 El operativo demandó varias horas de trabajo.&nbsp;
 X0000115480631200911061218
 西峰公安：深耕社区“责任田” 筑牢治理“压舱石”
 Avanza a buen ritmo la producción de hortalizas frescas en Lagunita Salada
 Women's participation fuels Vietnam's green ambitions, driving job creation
__________
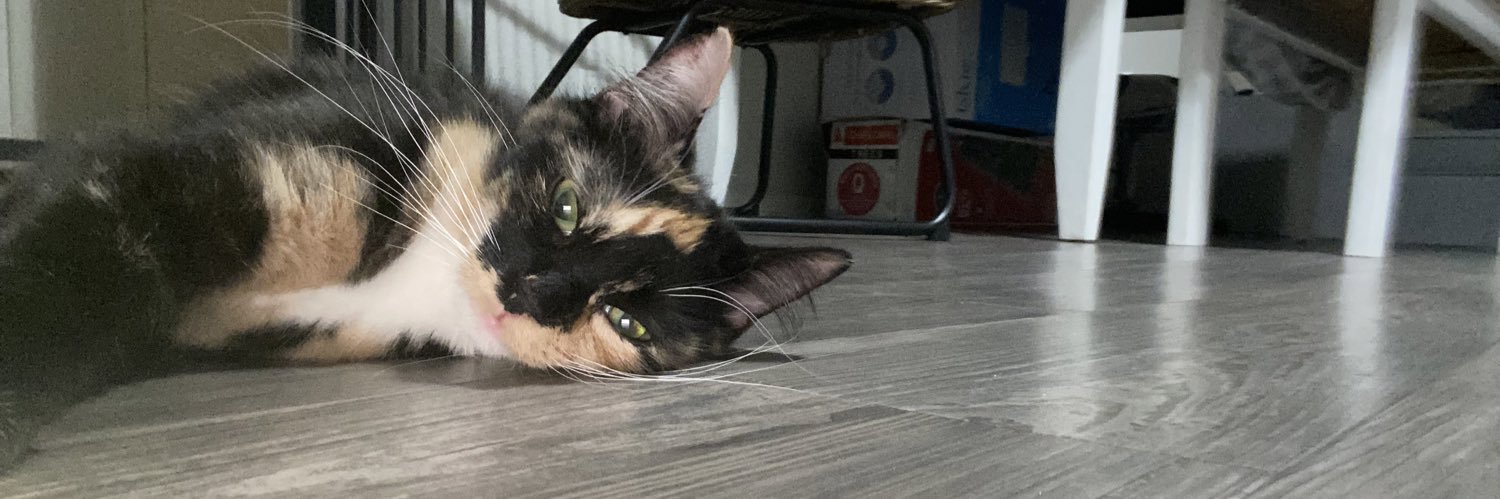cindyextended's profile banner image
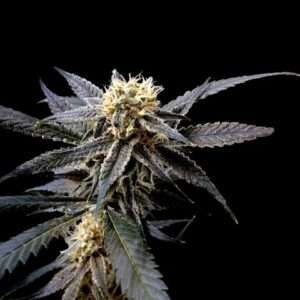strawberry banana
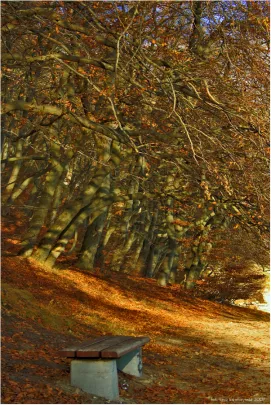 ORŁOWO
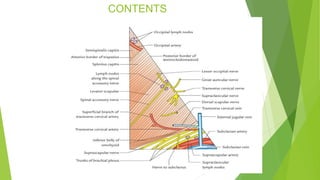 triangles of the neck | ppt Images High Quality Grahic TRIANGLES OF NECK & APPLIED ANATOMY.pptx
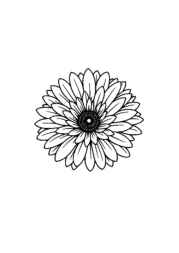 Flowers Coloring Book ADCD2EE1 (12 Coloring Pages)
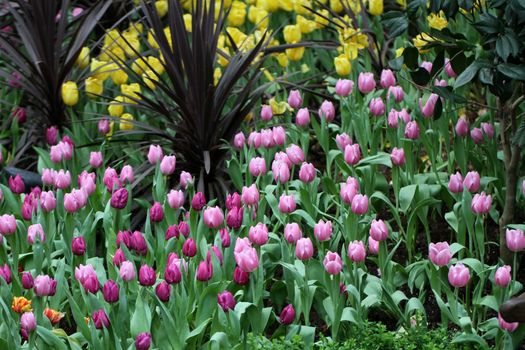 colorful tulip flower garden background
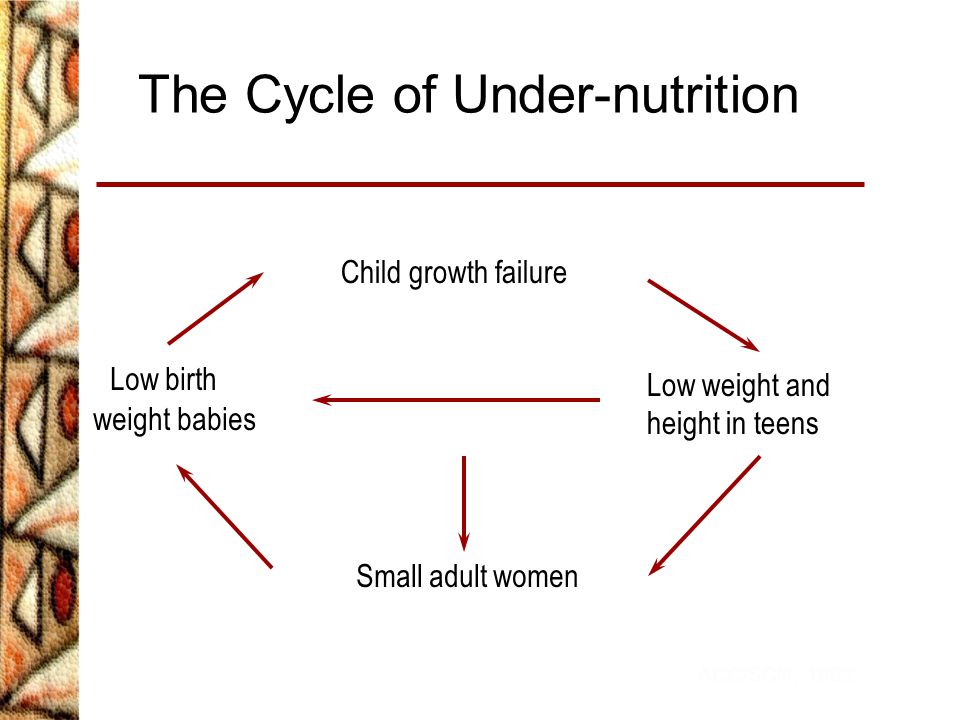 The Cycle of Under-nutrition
__________
[Exercise instructions] From the records above, copy out the line with "El operativo demandó", the line with "Women's participation fuels", and every line between them, word for word.

[Answer to the problem]
 El operativo demandó varias horas de trabajo.&nbsp;
 X0000115480631200911061218
 西峰公安：深耕社区“责任田” 筑牢治理“压舱石”
 Avanza a buen ritmo la producción de hortalizas frescas en Lagunita Salada
 Women's participation fuels Vietnam's green ambitions, driving job creation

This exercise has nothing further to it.